JV with KION Group: Volts and KION Group GmbH of Germany (the second largest player in industrial trucks globally) have entered into a joint venture in India for manufacturing and marketing forklift trucks and warehousing equipment. Voltas will manufacture material handling products, while marketing and selling will be dealt with by the joint venture company, Voltas Materials Handling, controlled by KION. This arrangement will help Voltas increase its revenue from the material handling segment (which was 2.6 per cent of total revenue in FY10).

High dependence on the Middle East: Almost 90 per cent of the company’s international order book comes from this region. So far the countries where it operates haven’t been affected by the ongoing Middle East crisis, but the crisis could spread from one country to another. This raises the potential risk of operating in this region.
Rising material prices: Increase in prices of inputs like copper and steel could put pressure on Voltas’s margins. However, Voltas has expressed confidence that it will be able to pass on the price hike. Even though the demand for air conditioners is strong and strengthens around April-May, the softening of sales year-on-year in Q4FY11 raises concerns regarding how much of cost inflation it will be able to pass on.
Higher working capital requirement: Voltas’s working capital requirement has been rising progressively through FY09-10 because of factors like change in the nature of work, and longer approval cycle for projects. The company’s project mix has changed from it being the main contractor in MEP projects to being a subcontractor in infrastructure projects. The longer certification and approval cycle is increasing its working capital requirements.
Rohini: Rohini Industrial Electricals (67 per cent subsidiary) is into the execution of large turnkey electrical contracts for power and industrial projects. It had entered into a number of large projects by bidding competitively. However, higher input costs have squeezed its margins. For the last nine months ending Q3FY11, it had a cumulative PBIT loss of Rs21 crore. The management expects to complete most of these unprofitable projects by March 31, 2011. FY12 will be a year of consolidation, with break-even coming in FY13. If due to execution delays the unprofitable projects spill over into FY12, then Rohini could once again drag down Voltas’s performance.
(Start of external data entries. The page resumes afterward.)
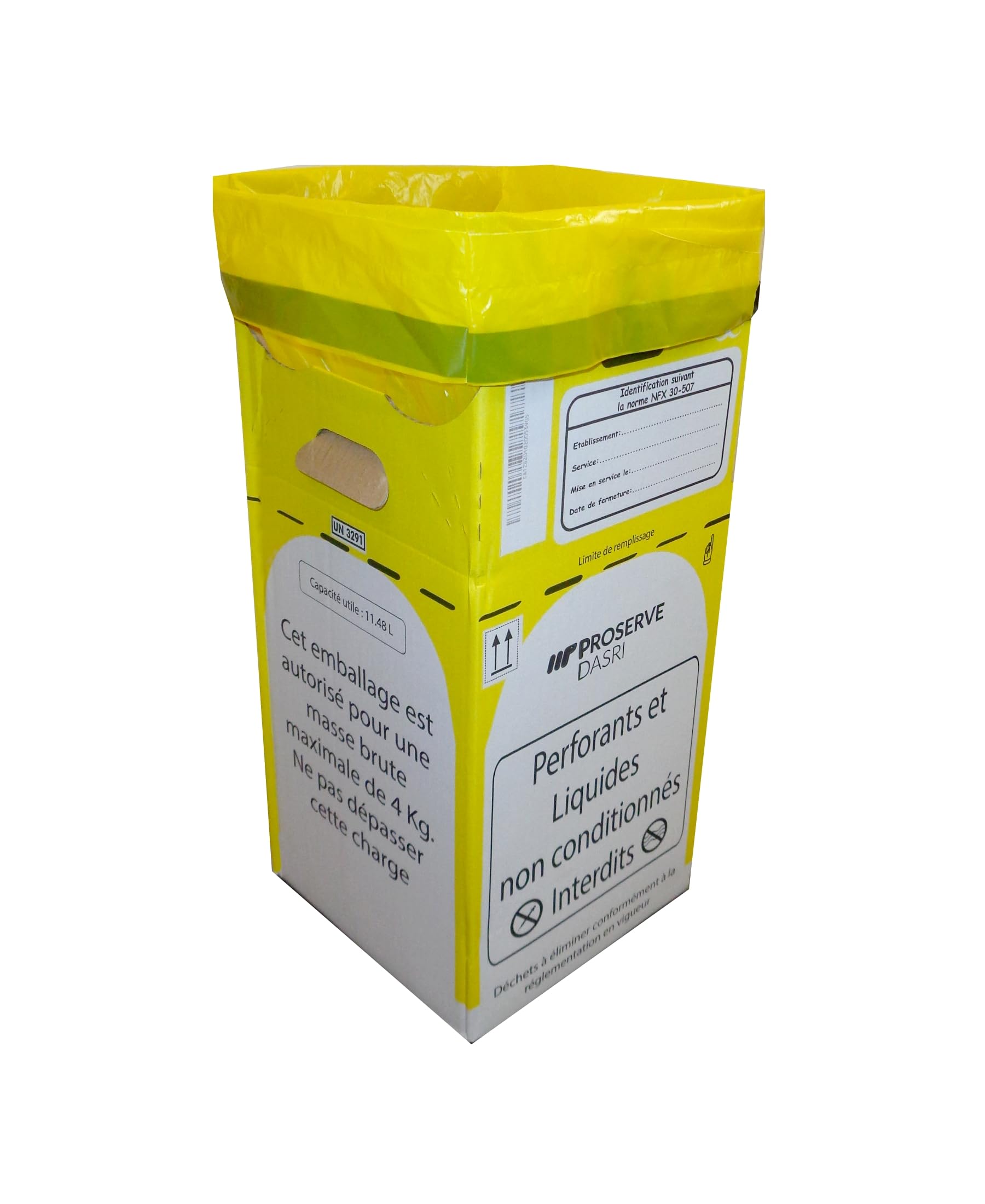 Poubelles cartons jetables DASRI 12L Lot de 5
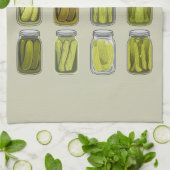 Pickle Lover  Ingeblikte Pickles Jar Christmas Theedoek (Gevouwen)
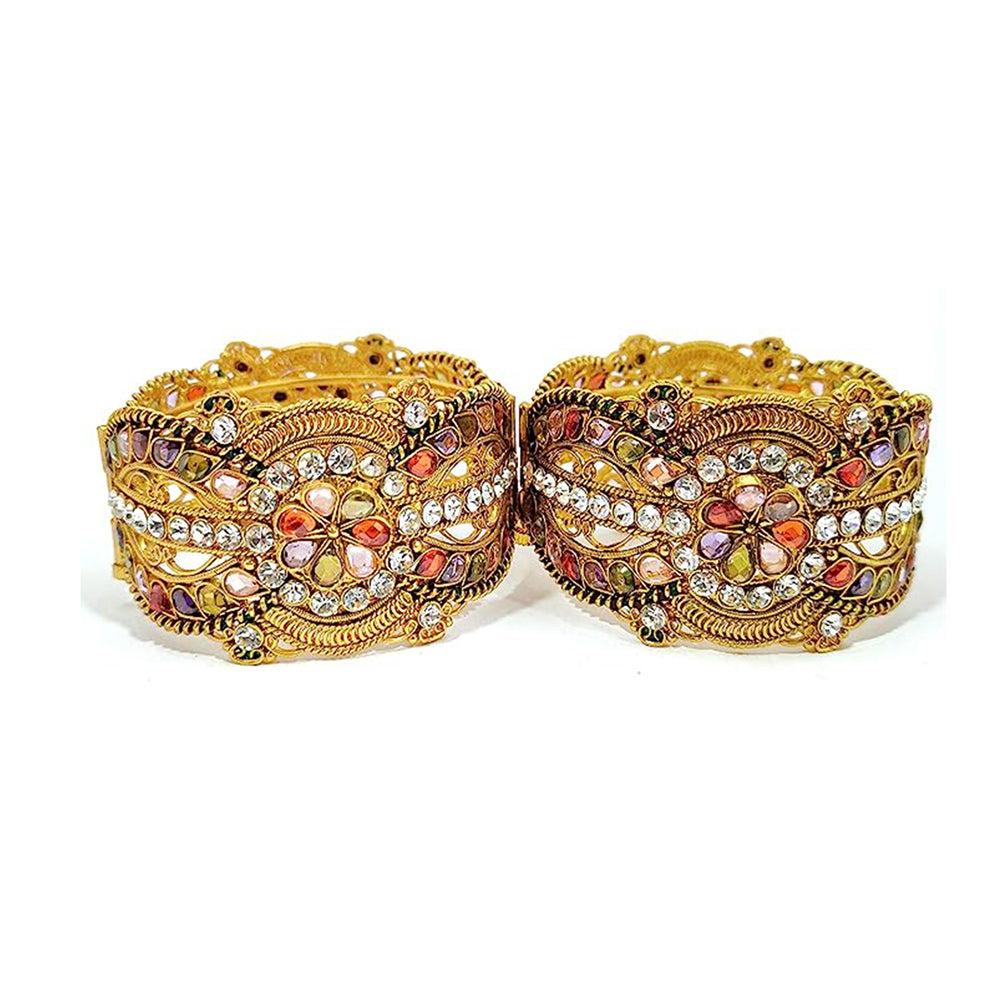 Choice Gold Plated Austrian Stone Bangles Set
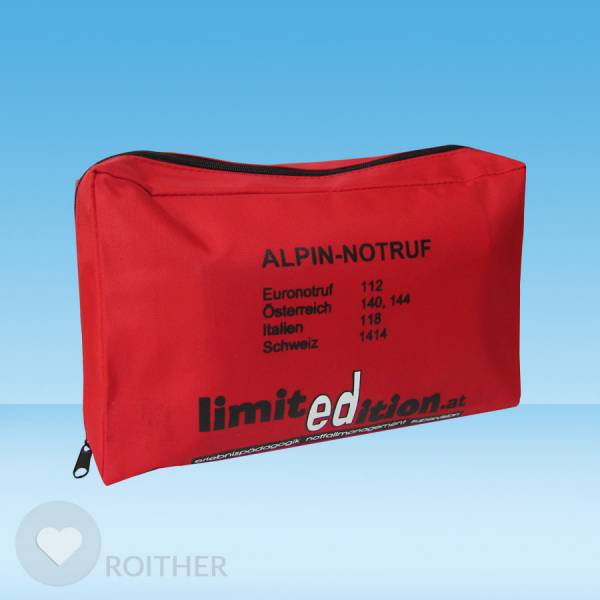 Erste Hilfe Tasche Alpin Notruf Limitedition groß leer (Hr. Fraunbaum)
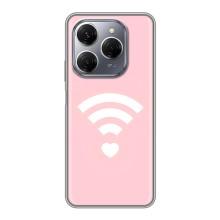 Силиконовые Чехлы Любимому человеку для TECNO Spark 20 Pro – WiFi Love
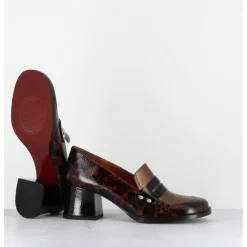 Best CHIE MIHARA Mocassins petit talon cuir imprimé leopard - TADEO FIAT CASTANO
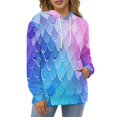 thumbnail image 4 of Colorful Fish Scale Pattern Men's Women New Sweatshirt Hoodie Men's Plus Size Sweatshirt Hooded Sweatshirt 3d Printed Street Men's Cloth, 4 of 6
Voltas has shown spectacular performance between FY05 and FY10. Its net worth expanded at 39 per cent (compounded annual growth rate) to Rs995 crore in FY10. At the same time, its bottom line grew at 47 per cent over these five years. It ended FY10 with a return on equity (RoE) of 39.93 per cent (5-year average 43.47 per cent). The management’s endeavour to improve the company’s performance is reflected in its rising operating margin. In FY06, its operating margin stood at 5.20 per cent; by FY10 it had increased to 10.79 per cent. Currently, it has an outstanding debt of Rs190 crore with a debt-equity ratio of 0.02.
In the trailing 12 months, Voltas has expanded its revenue by 13.52 per cent y-o-y, while its PAT has improved 29.60 per cent on the back of better operating profits. The order book of Rs4,700 crore provides revenue visibility for 19 months, which is adequate.

Voltas is currently trading at 14.47 times its 12-month trailing earnings, while its five-year median P/E stands at 19.73. Moreover, its price-earnings to growth ratio stands at 0.67, well below the cut-off of one. Considering the company’s potential and the opportunities available in the space that it operates in, we recommend that investors consider this stock for their portfolio with a three-year horizon.